Member of Parliament
- In office 1 October 2001 – 29 October 2006
- Preceded by: Haji Mohammad Salim
- Succeeded by: Rashed Khan Menon
- Constituency: Dhaka-8

Personal details
- Born: 1 September 1967
- Died: 3 May 2015 (aged 47) Rajshahi, Bangladesh
- Party: Bangladesh Nationalist Party

= Nasiruddin Ahmed Pintu =

Bangladeshi politician

Nasiruddin Ahmed Pintu (1 September 1967 – 3 May 2015) was a Bangladesh Nationalist Party politician. He was a member of parliament for the Dhaka-8 constituency.

==Career==
Pintu was the president of Jatiyatabadi Chhatra Dal in the 1990s. He was the organising secretary of the Dhaka unit of the Bangladesh Nationalist Party. He was elected to parliament from Lalbagh, Dhaka in 2001. In 2003, the Bangladesh Nationalist Party government tried to withdraw a murder charge against his brother but was denied by the judge.

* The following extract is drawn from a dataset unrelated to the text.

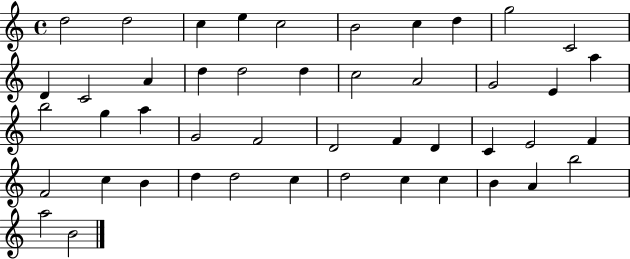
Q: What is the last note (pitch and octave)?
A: B4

Pintu was sentenced to life in prison for his involvement in the Bangladesh Rifles Mutiny in 2009. He was accused of helping the mutineers by providing them with transport. He tried to compete in the Dhaka South City Corporation. His nomination was cancelled by Bangladesh Election Commission for failure to provide enough information to prove his innocence as he was accused of helping the BDR mutineers.

==Personal life==
Pintu was married to Nasima Akhtar Kalpana. She was made an executive committee member of Bangladesh Nationalist Party in 2016.

==Death==
Pintu died while he was in prison serving a life-term on 3 May 2015. He was declared dead in Rajshahi Medical college and Hospital.